Democracy is just such a cause.  We have heard again and again this week since Memorial Day the price in chaos, lives lost, and suffering that has been paid to gain and regain a system of government that continually attempts to put the power in the hands of the largest number of people within the borders of that country.  

So I’m reminded and heartened that we don’t have to convince the seemingly unconvincible.  We may not be the people to do that - because they may not be able to hear us and we might not be able to hear them.  But someone else might be just the voice they need to hear, might be just the ear they need to talk to.  And that someone else might be convinced by someone else they listened to who was convinced by talking and listening to us.  

The Buddha went back to his fellow ascetics who had given up on him when he decided to eat to sustain his health and strength to find the path to freedom from suffering.  They scoffed at him but were impressed by his calm appearance, an inner glow.  They sat and listened to his teachings and were enlightened and the wheel of the dharma began to turn.  

I have heard that when the people of Burma were overtaken by the military coup that changed their name to Myanmar, their biggest concern was that the teachings and practice of the dharma not die out.  They made other compromises to save the dharma.  

Every generation eventually has to take up the effort to learn, practice, and perpetuate that which we value the most, that which leads us to freedom internally and externally.  The Buddha’s teachings have lasted over 2500 years, have been pushed out of their country of origin or subsumed by a competing belief system, have travelled from country to country through the dedication of enlightened beings, have adapted to the different cultures and found ways to touch the hearts of new generations and thrive.
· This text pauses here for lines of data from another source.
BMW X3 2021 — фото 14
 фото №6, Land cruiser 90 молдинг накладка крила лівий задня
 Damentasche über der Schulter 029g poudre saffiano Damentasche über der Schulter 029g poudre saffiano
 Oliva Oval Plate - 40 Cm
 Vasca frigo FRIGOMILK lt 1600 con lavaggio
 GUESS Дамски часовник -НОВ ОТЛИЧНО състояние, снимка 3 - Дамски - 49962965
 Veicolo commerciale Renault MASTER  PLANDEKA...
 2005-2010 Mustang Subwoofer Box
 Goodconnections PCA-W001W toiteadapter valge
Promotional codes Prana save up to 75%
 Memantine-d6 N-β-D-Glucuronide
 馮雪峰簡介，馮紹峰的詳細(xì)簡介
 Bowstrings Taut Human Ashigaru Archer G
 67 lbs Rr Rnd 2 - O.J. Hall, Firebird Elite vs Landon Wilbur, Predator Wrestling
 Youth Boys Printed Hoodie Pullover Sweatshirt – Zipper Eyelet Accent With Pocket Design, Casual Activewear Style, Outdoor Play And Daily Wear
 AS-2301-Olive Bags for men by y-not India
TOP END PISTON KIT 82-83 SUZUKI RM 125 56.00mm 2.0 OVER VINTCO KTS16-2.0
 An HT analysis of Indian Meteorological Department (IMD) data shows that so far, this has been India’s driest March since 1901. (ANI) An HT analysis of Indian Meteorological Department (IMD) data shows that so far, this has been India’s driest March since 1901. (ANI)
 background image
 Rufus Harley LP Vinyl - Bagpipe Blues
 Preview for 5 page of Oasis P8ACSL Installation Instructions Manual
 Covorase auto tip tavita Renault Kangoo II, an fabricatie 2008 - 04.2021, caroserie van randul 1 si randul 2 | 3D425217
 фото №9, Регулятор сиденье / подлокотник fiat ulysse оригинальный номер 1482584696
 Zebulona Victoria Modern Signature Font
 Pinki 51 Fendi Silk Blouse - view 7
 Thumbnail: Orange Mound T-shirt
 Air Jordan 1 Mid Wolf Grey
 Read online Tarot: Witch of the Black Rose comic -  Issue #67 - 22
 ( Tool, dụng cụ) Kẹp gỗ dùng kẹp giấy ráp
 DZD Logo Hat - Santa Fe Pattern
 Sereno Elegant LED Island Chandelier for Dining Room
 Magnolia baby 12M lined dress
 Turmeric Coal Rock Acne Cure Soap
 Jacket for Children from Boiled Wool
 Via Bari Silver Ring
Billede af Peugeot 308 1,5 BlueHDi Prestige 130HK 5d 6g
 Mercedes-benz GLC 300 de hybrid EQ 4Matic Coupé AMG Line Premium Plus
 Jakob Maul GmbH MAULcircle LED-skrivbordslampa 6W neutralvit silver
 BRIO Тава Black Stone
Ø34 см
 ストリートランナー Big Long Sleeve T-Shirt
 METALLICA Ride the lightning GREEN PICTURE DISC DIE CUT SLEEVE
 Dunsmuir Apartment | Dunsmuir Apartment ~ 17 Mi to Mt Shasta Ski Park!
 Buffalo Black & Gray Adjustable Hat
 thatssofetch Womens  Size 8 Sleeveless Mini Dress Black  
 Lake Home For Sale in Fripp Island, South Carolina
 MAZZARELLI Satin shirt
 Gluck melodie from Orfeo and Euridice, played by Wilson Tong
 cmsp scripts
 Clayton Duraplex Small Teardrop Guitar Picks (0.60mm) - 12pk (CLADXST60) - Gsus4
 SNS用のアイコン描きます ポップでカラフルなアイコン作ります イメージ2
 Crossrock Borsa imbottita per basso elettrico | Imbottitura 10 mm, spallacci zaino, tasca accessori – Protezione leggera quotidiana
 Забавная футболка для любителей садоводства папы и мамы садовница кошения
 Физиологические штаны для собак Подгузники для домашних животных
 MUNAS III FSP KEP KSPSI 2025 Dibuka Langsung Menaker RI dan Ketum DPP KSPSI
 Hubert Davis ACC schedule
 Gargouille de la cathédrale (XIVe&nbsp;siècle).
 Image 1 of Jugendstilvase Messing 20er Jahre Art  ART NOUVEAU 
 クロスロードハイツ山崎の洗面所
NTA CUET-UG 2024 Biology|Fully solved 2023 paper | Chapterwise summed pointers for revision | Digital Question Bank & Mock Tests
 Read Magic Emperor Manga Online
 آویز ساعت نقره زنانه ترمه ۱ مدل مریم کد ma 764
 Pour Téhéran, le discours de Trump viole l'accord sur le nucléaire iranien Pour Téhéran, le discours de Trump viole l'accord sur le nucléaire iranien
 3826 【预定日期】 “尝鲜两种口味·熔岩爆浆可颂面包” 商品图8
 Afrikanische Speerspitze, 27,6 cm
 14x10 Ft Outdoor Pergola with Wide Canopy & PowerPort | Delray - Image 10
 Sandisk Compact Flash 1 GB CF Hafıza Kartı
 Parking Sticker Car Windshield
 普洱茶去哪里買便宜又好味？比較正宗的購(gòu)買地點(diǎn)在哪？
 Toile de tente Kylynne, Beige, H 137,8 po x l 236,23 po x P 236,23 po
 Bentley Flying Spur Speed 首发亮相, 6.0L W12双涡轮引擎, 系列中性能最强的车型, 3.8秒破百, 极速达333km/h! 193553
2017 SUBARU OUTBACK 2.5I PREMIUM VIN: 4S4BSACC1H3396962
But the idea, the teachings, need to be strong, and perhaps need to be purified and re-interpreted to able to cut through the clutter of another time.  

Kindness is always possible...

The news this week of former President Trump’s 34 guilty convictions has been the occasion for a sigh of relief for many, for deepening anger and frustration for others.  While many of us will not regret the outcome and will even rejoice in it, it has not silenced divisive, rancorous voices.  And it remains to be seen whether it can lead to a coming together of people agreeing to be united in a common view point, in shared values.  

Family gatherings, visits home to parents, Thanksgiving and Christmas dinners can often play out this divide and turn into highly stressful occasions in which family members get into loud and contentious arguments.  We’ve all wondered in recent years how to turn down the arguing  and forge more caring relationships with those we disagree with.  

I heard a wise practitioner recently relate how she shifted such a dynamic with her father.  She described him as someone who likes to needle others with argument.  It had reached the point where she dreaded her visits.  Arguing and fighting is a form of intimacy, albeit exhausting and sometimes dangerous, but it takes the place of close contact when the understanding and skills for real intimacy are lacking.  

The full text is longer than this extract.